- **WHAT YOU ARE ASKED TO DO**
Your answer must be an exact copy of the entries, containing no images.

Web page caption snippets:
◆ ◆ ◆
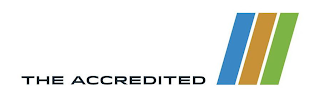THE ACCREDITED logo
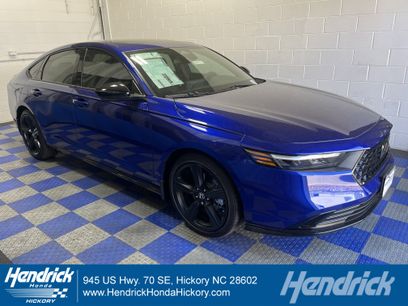 New 2025 Honda Accord Sport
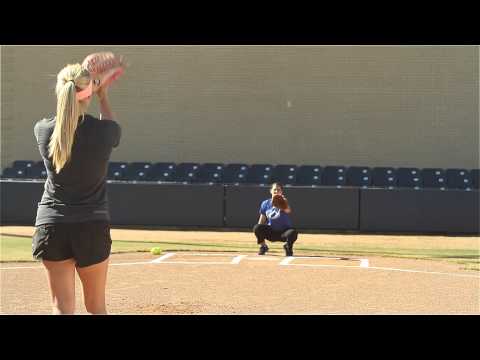 Softball Pitching Drills: Around the world - Amanda Scarborough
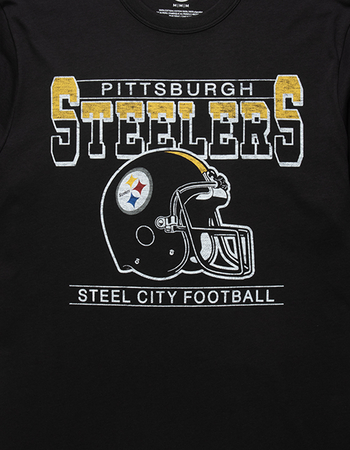 47 BRAND Pittsburgh Steelers Football Mens Tee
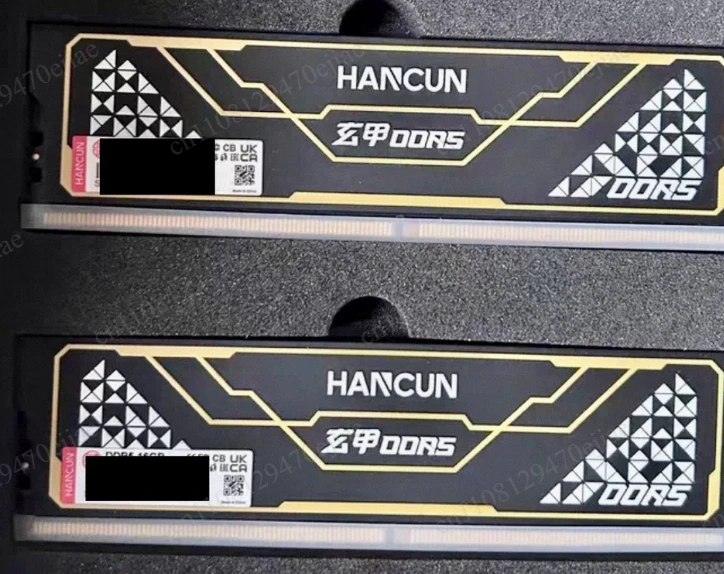 

DDR5 16G 6000MT/s Esports Desktop Memory, High Performance Gaming RAM Stick with Aluminum Heat Armor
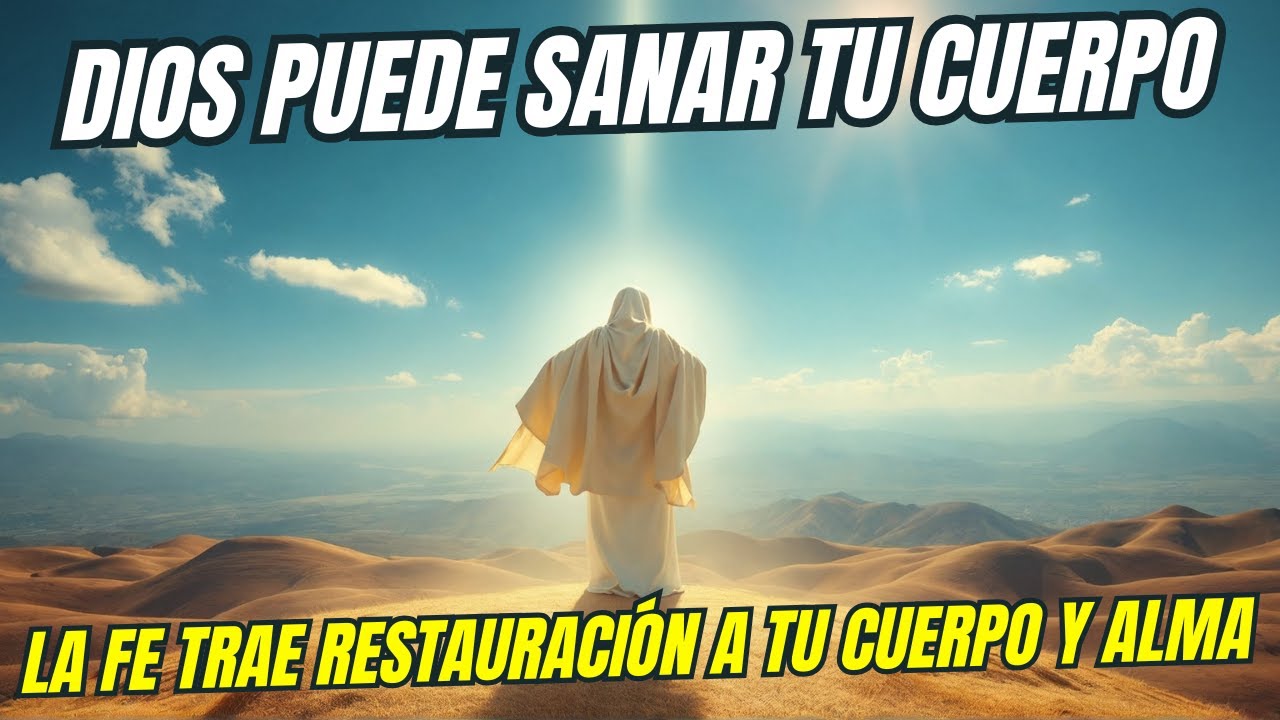 😇 ¿Estás enfermo Ora y sana con fe La oración milagrosa para tu cuerpo ...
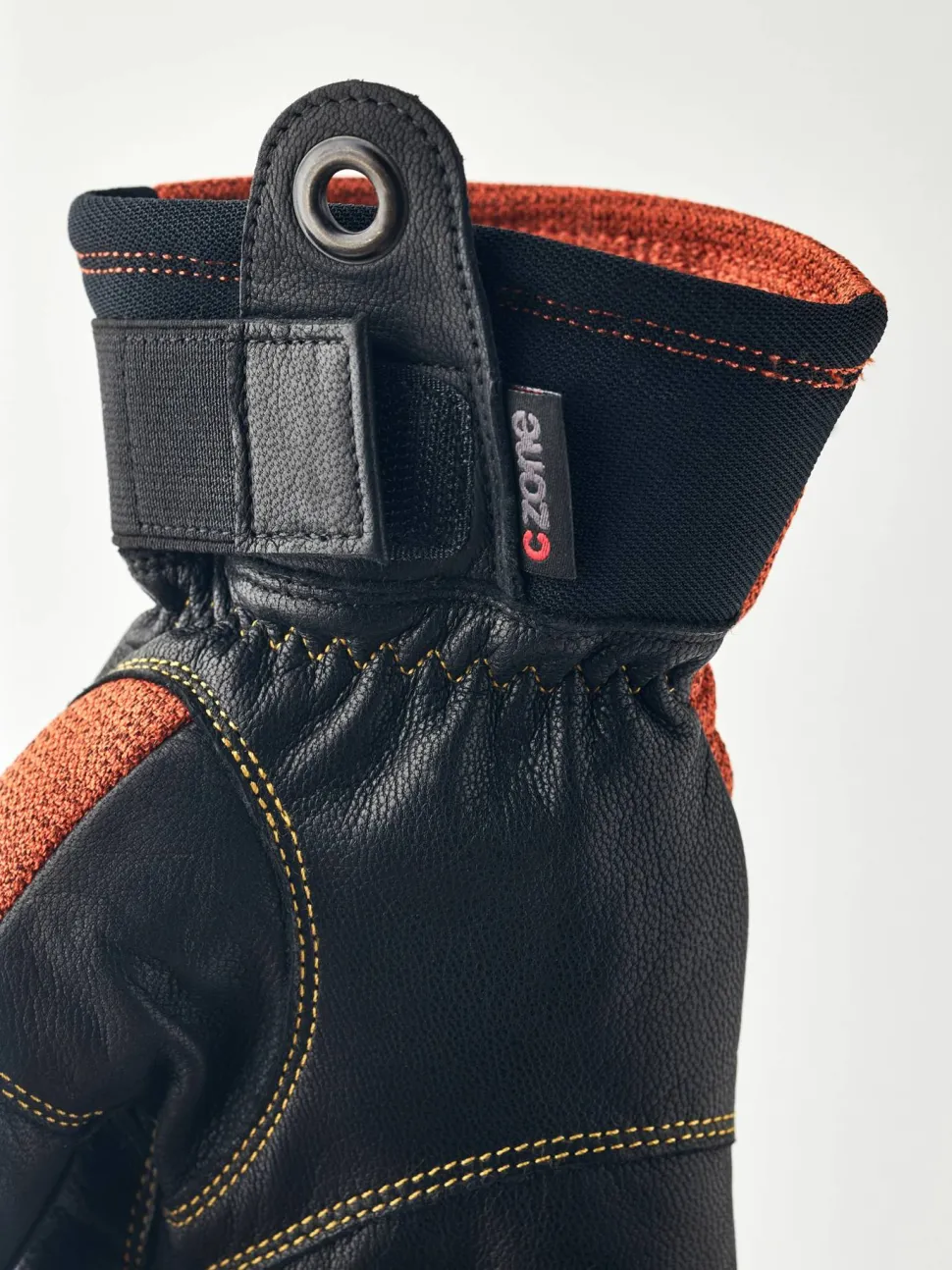 Hestra Couloir 5 Finger Brick Red/Black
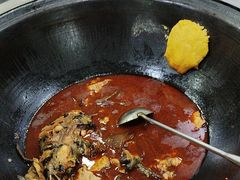 -北京龙庆四季香农家饭庄·灶台鱼·碳烤虹鳟鱼(龙庆峡店)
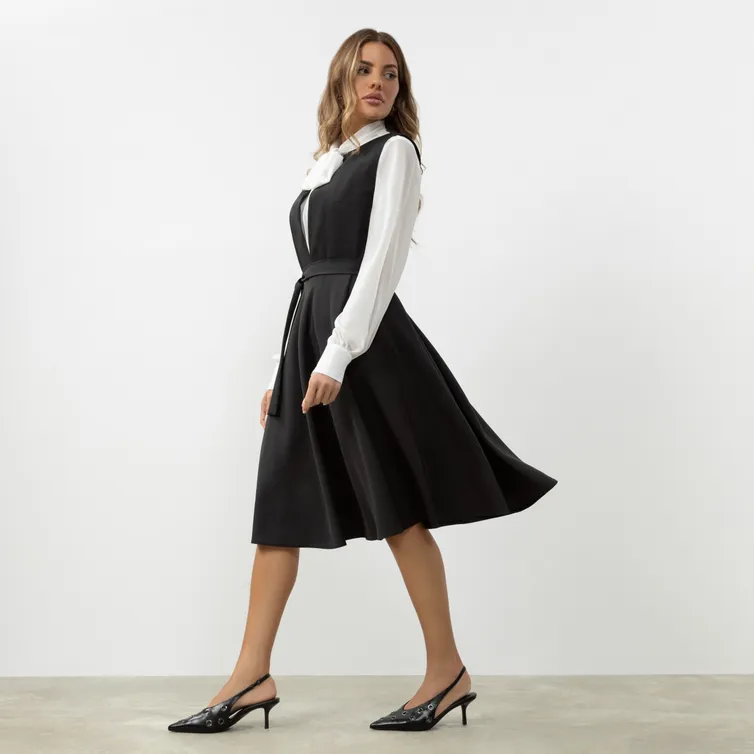 Dress CHARUTTI #Ostryj stil (s poyasom)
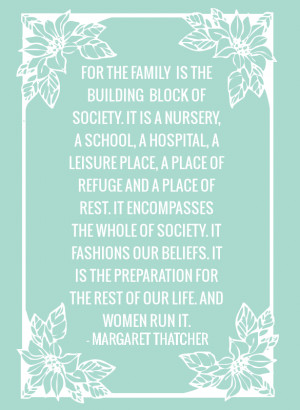 love this quote by Margaret Thatcher!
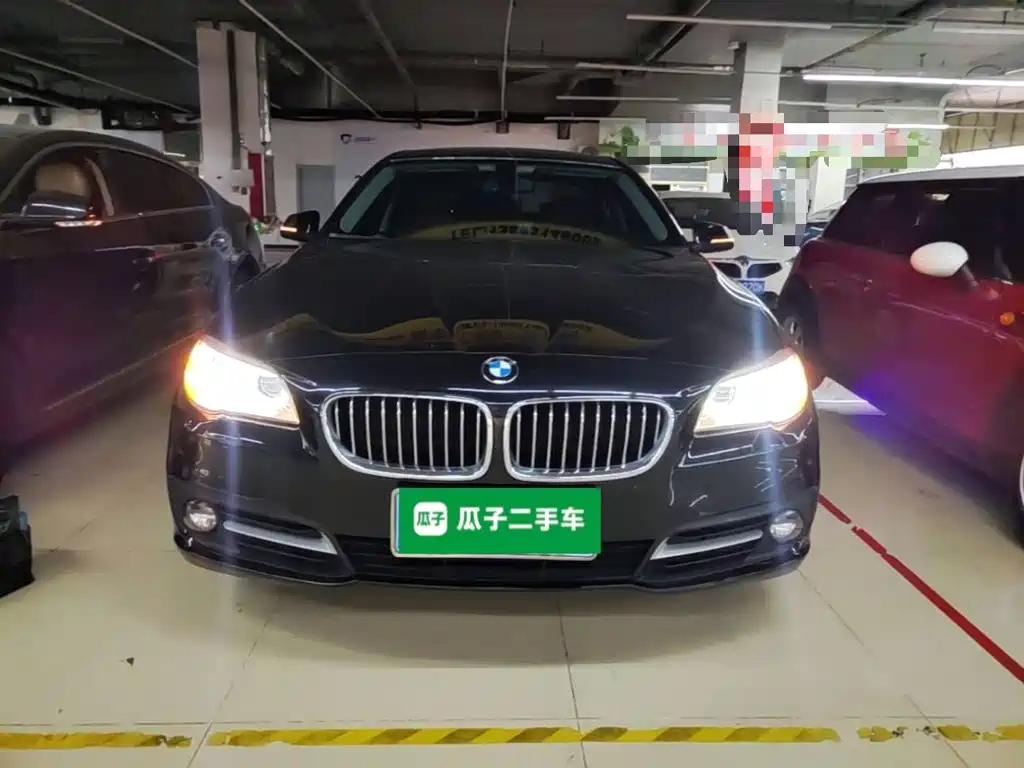 BMW 5 Series 2015 — фото 3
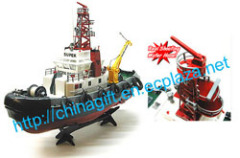 RTR Seaport Tug Boat RC Work Boat 1/10th Scale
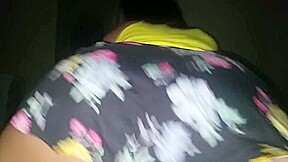 Big Booty Pinay Milf Twerking on Fat Cock Tennessee 2015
◆ ◆ ◆
- **REPLY**
THE ACCREDITED logo
 New 2025 Honda Accord Sport
 Softball Pitching Drills: Around the world - Amanda Scarborough
 47 BRAND Pittsburgh Steelers Football Mens Tee

DDR5 16G 6000MT/s Esports Desktop Memory, High Performance Gaming RAM Stick with Aluminum Heat Armor
 😇 ¿Estás enfermo Ora y sana con fe La oración milagrosa para tu cuerpo ...
 Hestra Couloir 5 Finger Brick Red/Black
 -北京龙庆四季香农家饭庄·灶台鱼·碳烤虹鳟鱼(龙庆峡店)
 Dress CHARUTTI #Ostryj stil (s poyasom)
 love this quote by Margaret Thatcher!
 BMW 5 Series 2015 — фото 3
 RTR Seaport Tug Boat RC Work Boat 1/10th Scale
 Big Booty Pinay Milf Twerking on Fat Cock Tennessee 2015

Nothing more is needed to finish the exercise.